İçişleri Bakanlığı yaptığı açıklamada ölenler arasında bir polis memurunun da bulunduğunu söyledi. El Cezire ekibi, Lazkiye’deki Azhari kavşağında Suriye güvenlik güçlerine ateş açıldığını doğrularken, Tartus’ta da kimliği belirsiz saldırganların Baniyas’taki El Anaza karakoluna el bombası atmasının ardından iki güvenlik personelinin de yaralandığını doğruladı.
Alevi protestoları
Binlerce Alevi Suriyelinin, şiddet ve ayrımcılığı protesto etmek için Pazar günü Suriye’nin orta ve kıyı kesimlerinde dini azınlığın merkezi boyunca sokaklara çıkmasıyla şiddet daha da alevlendi.
Protestoların çağrısı, ülke dışında yaşayan Alevi ruhani lideri Ghazal Ghazal tarafından yapıldı ve bu çağrı, Alevi toplumunun aşağılanamayacağını veya marjinalleştirilemeyeceğini dünyaya gösterme çağrısında bulundu. ölümcül bombalama Cuma günü Humus’ta bir cami.
Sekiz kişinin ölümüne yol açan ve Saraya Ensar El Sünni olarak bilinen Sünni bir grubun üstlendiği bombalama, devrik eski Cumhurbaşkanı Esad’ın da mensubu olduğu ve onun yönetimi döneminde büyük önem taşıyan dini azınlığa yönelik son şiddet eylemiydi.
Protestocular ayrıca hükümetin, azınlıklara daha fazla özerklik verilmesi amacıyla gücün Şam’dan dağıtılmasını öngören bir sistem olan federalizmi uygulamasını ve Alevi mahkumların serbest bırakılmasını talep etti.
Suriye ve yurtdışındaki İslami Alevi Konseyi başkanı Ghazal, Facebook’taki video mesajında ”İç savaş istemiyoruz, siyasi federalizm istiyoruz.
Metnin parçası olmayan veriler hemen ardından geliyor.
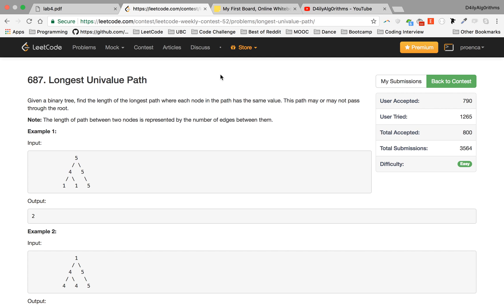This problem is actually very similar to the one we solved yesterday, which is why I saved it for now. This was also the second problem from a contest I took part in last week and couldn't solve. I got kind of close, but there were some concepts I didn't know that prevented me from finishing it, so it's really good practice.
Terörünüzü istemiyoruz. Kendi kaderimizi belirlemek istiyoruz” dedi.
‘Federalizm istiyoruz’
Pazar günü hükümet karşıtı protestoculardan biri olan Ali Hassan, göstericilerin Alevi toplumuna karşı devam eden şiddete son vermek istediğini söyledi.
“Biz sadece huzur içinde uyumak, huzur içinde çalışmak istiyoruz ve federalizm istiyoruz” dedi. “Bu durum böyle devam ederse federalizm istiyoruz. Neden her gün, günaşırı 10 kişi öldürülüyor?”
Karşı protestoculardan biri olan Muhammed Bakkour, hükümete desteğini göstermek için geldiğini söyledi.
Hükümet karşıtı protestocuları “ulusu yeniden inşa etmeye yönelik yeni yolu sabote etmeye” çalışmakla suçlayarak, “Kurtuluşun ilk gününden itibaren barış ve suçlulara af tanınması çağrısında bulunan yeni hükümetimizi desteklemek için buradayız” dedi.
“Bütün halk tek halk ve tek vatan çağrısında bulunuyor, ancak tek halk veya tek vatan istemiyorlar; kişisel çıkarları için mezhepçilik, kaos, sorunlar ve federalizm istiyorlar.”